Économies d'échelle: internes et externes

Le professeur Stigler définit les économies d’échelle comme des synonymes avec des rendements d’échelle.

L'augmentation de la production jusqu'à un certain point entraîne des économies d'échelle.

Au-delà, il existe des déséconomies d'échelle. Marshall a classé les économies d'échelle en deux parties:

I. Économies internes :

Lorsqu'une entreprise augmente son échelle de production, elle bénéficie de plusieurs économies nommées économies internes. Fondamentalement, les économies internes sont celles qui sont spéciales pour chaque entreprise. Par exemple, une entreprise bénéficiera d’une bonne gestion; l'autre peut avoir l'avantage de se spécialiser dans les techniques de production, etc.

«Les économies internes sont celles qui sont ouvertes à une seule usine ou à une seule entreprise, indépendamment de l’action d’autres entreprises. Celles-ci résultent d'une augmentation de l'échelle de la production d'une entreprise et ne peuvent être atteintes que si la production augmente. ”Cairncross

Koutsoyannis a divisé les économies internes en deux parties:

A. Économies réelles

B. Économies pécuniaires

A. Économies réelles :

Les économies réelles sont celles associées à la réduction de la quantité physique d'intrants, de matières premières, de divers types de travail et de capital, etc.

Ces économies sont des types suivants:

1. Économies techniques:

Les économies techniques ont une influence sur la taille de l'entreprise. Généralement, ces économies profitent aux grandes entreprises dont l'efficacité est supérieure à celle des biens d'équipement ou des machines. Les grandes entreprises disposant de plus de ressources sont en mesure d'installer les machines les mieux adaptées.

Par conséquent, une entreprise produisant à grande échelle peut réaliser des économies en utilisant des techniques supérieures.
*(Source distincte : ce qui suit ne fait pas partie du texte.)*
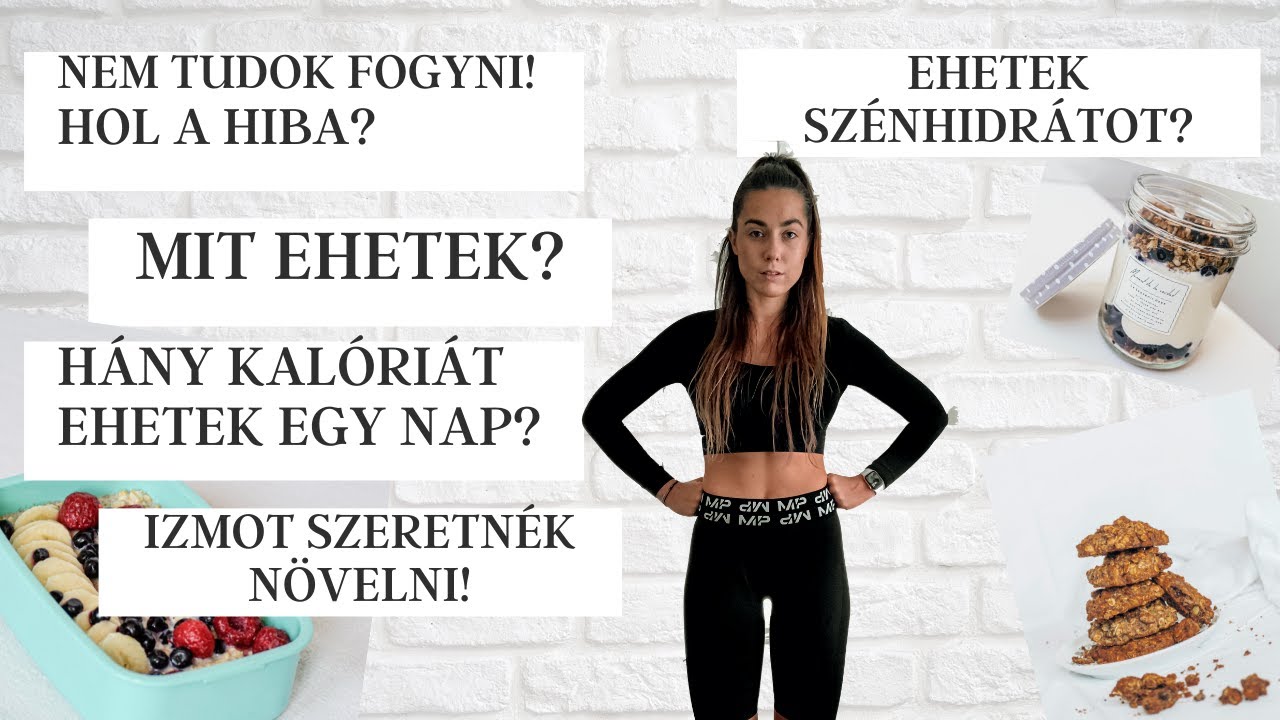 Hogyan számold ki mennyi tápanyagra van szükséged ha fogyás a cél?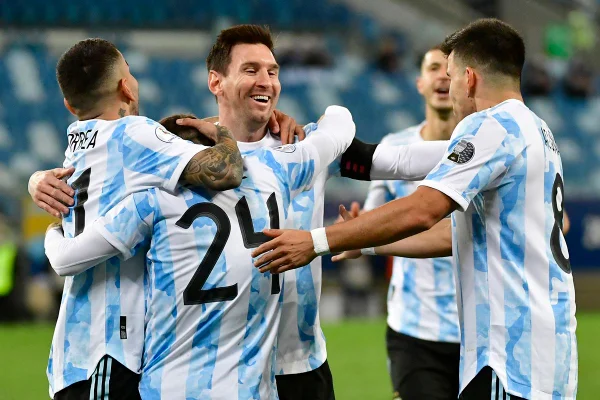 Messi Argentina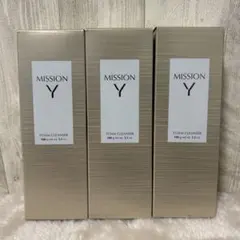 ⭐️未使用⭐️ミッション Y フォームクレンザー 洗顔料 100g 3個セット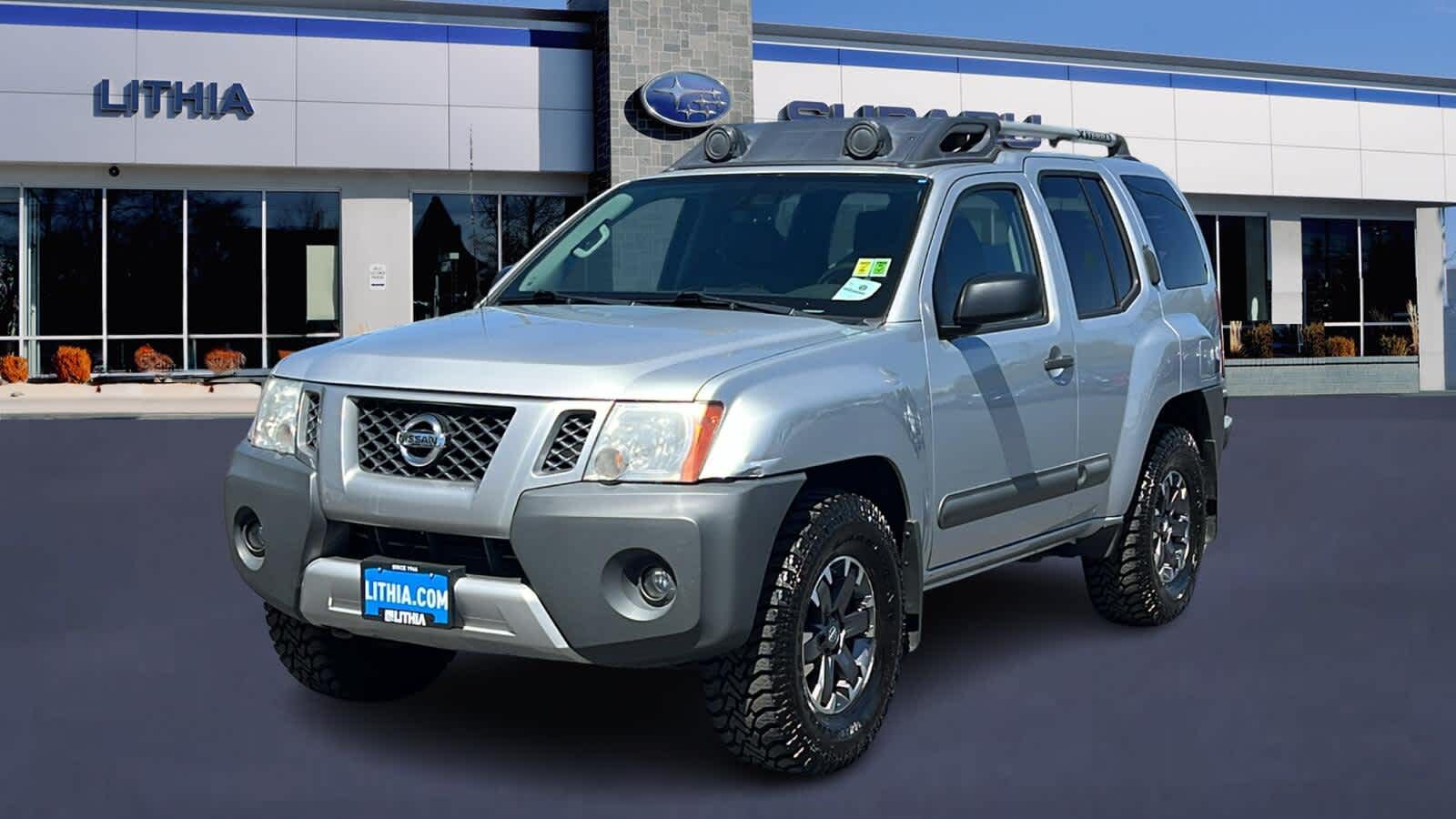 2015 NISSAN Xterra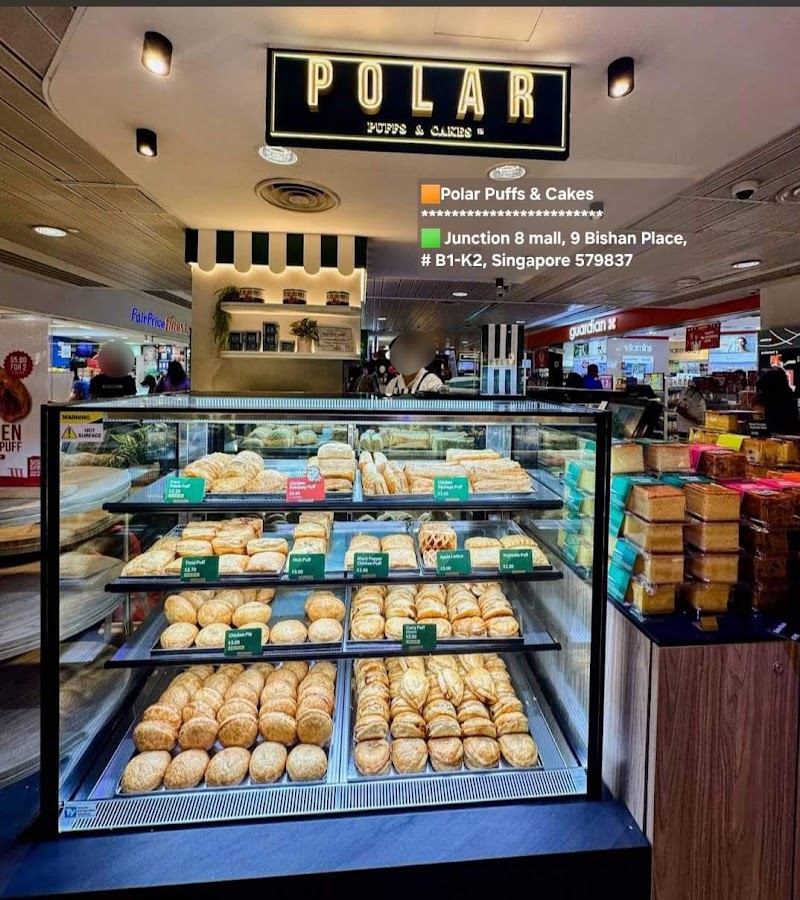 Polar Puffs & Cakes | Junction 8 hero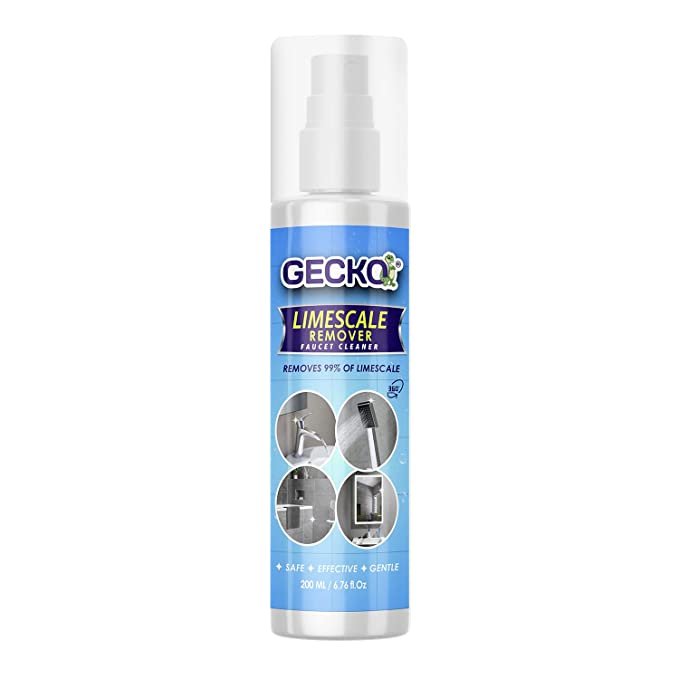 Gecko Combo Pack - Furniture Polish, Kitchen Degreaser, Limescale remover, Flat Screen Cleaner each 1pc.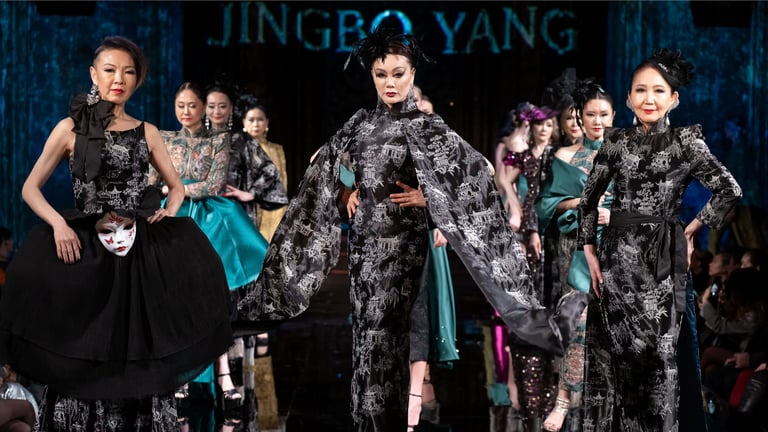 Jingbo Yang Makes a Case for Craft at Art Hearts NYFW FW26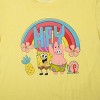 SpongeBob SquarePants Adult Womens' Sleepwear Set with Short Sleeve Tee and Sleep Pants - 4 of 4
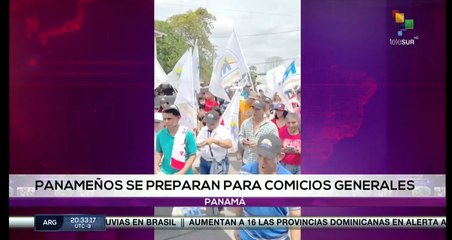 Edición Central 03-05 Panamá se alista para elecciones generales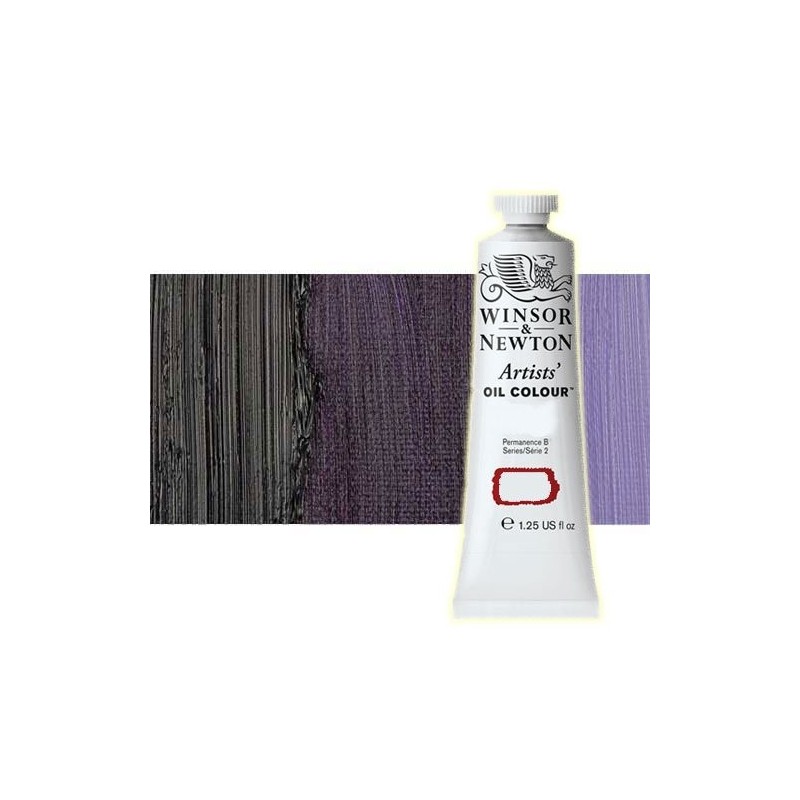 Fine art shop - Oil Artists Winsor & Newton, Mauve Blue, 37 ml. | totenart.com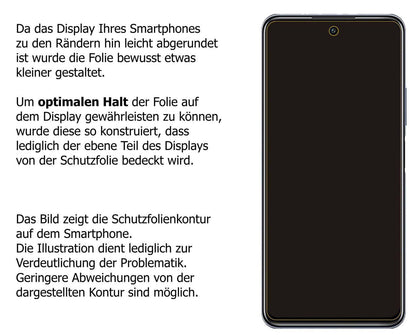 2x Schutzfolie klar für Honor 10X Lite Display-Sch (5)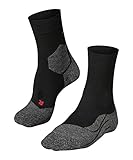 FALKE Herren Laufsocken RU3 Comfort M So Lyocell Funktionsmaterial antiblasen 1 Paar, Schwarz Black-Mix 3010, 42-43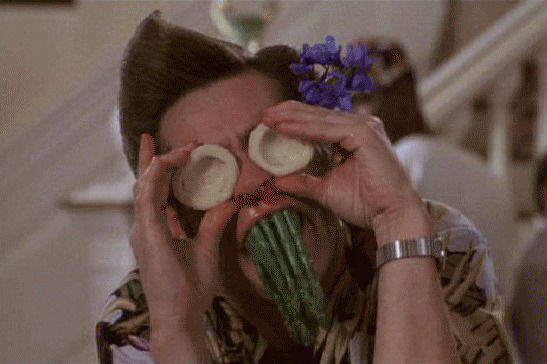 金·凱瑞 飾演 Ace Ventura 寵物偵探 金凱瑞 Ace Ventura 寵物偵探 芥藍 GIF — 搞笑 壁紙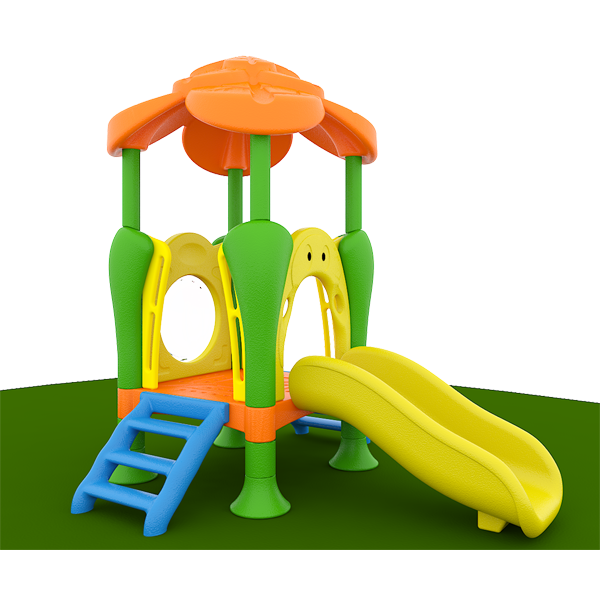 WZY452B-儿童游乐场塑料滑梯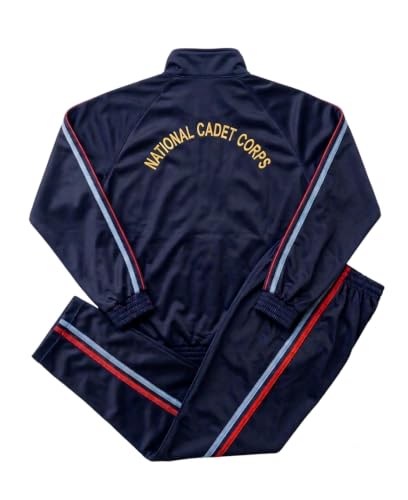 SARVAMART NCC Tracksuit Navy Blue - Image 3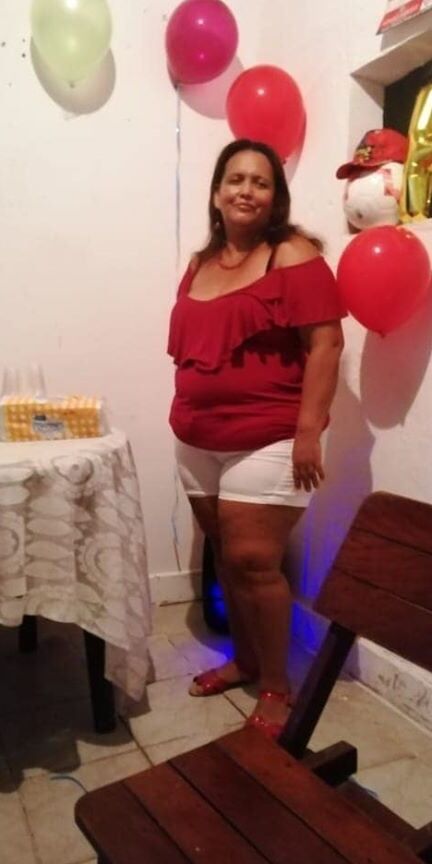 monica diaz mature granny bbw ass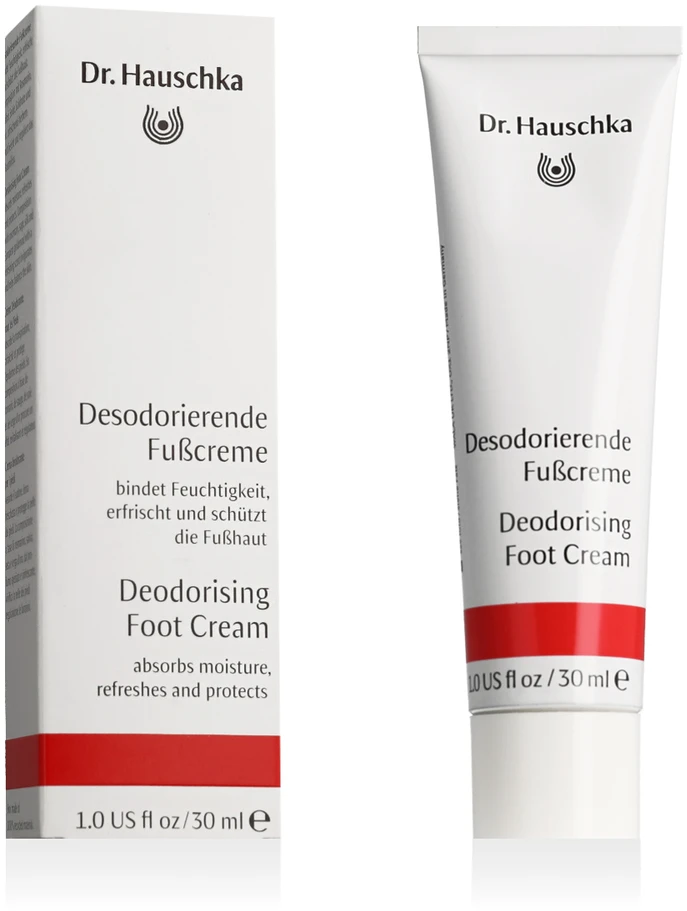 Dr. Hauschka dezodoruojantis pėdų kremas 30ml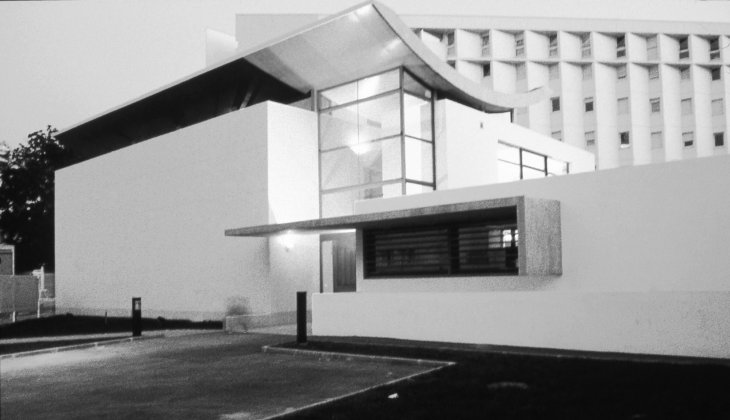 Synagogue à Pantin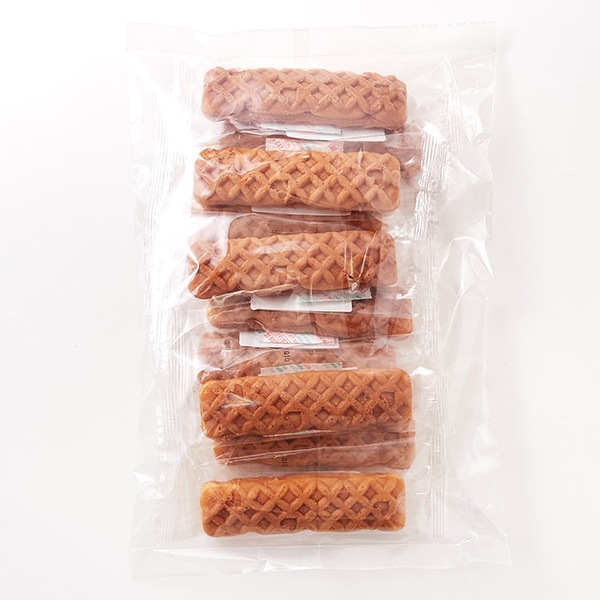【天然生活】クリームinスティックワッフル10本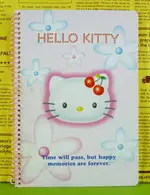 【震撼精品百貨】HELLO KITTY 凱蒂貓 筆記本 粉花【共1款】 震撼日式精品百貨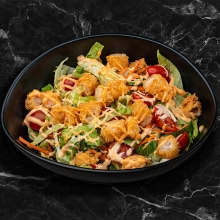 250.Shrimp Tempura Salad
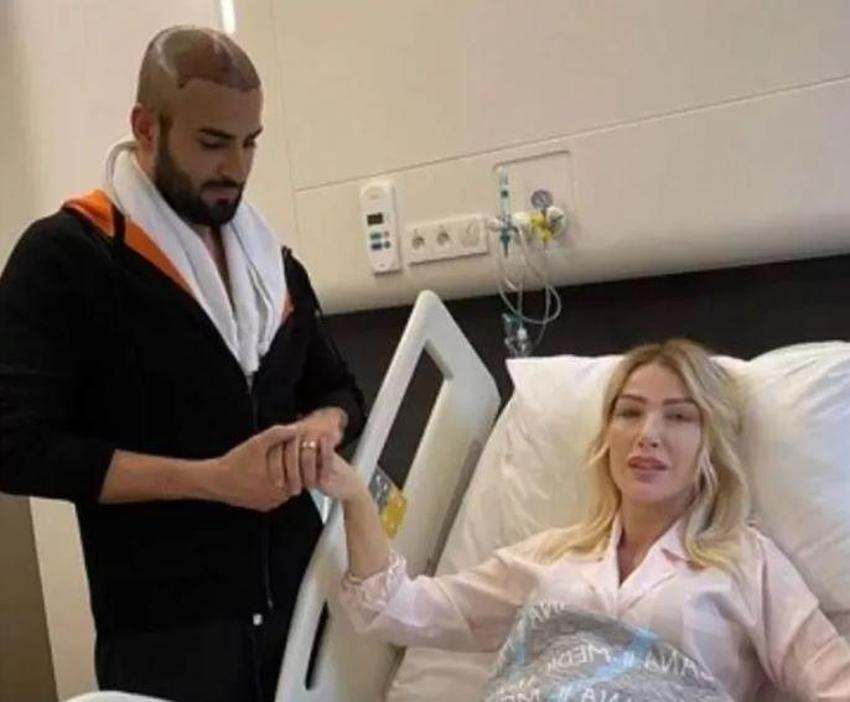 Seda Sayan ve Çağlar Ökten'in son hali dikkat çekti! Yaptırdığı estetiklerle gündem olmuştu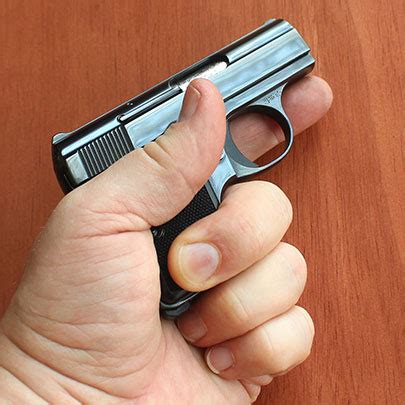 The Baby Browning: A .25 ACP Pocket Pistol For Personal Protection | An Official Journal Of The NRA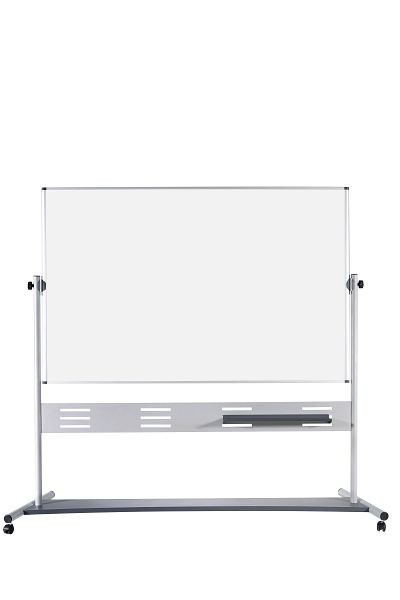 MasterVision Magnetic Double-Sided Dry-Erase Mobile Revolving Easel, Size: 48" X 72", QR5507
Les économies techniques sont de trois types:

(i) Économies de dimension:

Une entreprise en augmentant l'échelle de production peut profiter des économies techniques. Lorsqu'une entreprise augmente son échelle de production, son coût de production moyen diminue, mais son rendement moyen sera plus élevé.

ii) Économies de processus liés:

Une grande entreprise peut également profiter des économies de processus liés. Une grande entreprise exerce toutes les activités productives. Ces activités génèrent des économies. Ces activités liées permettent d’économiser du temps et des coûts de transport pour l’entreprise.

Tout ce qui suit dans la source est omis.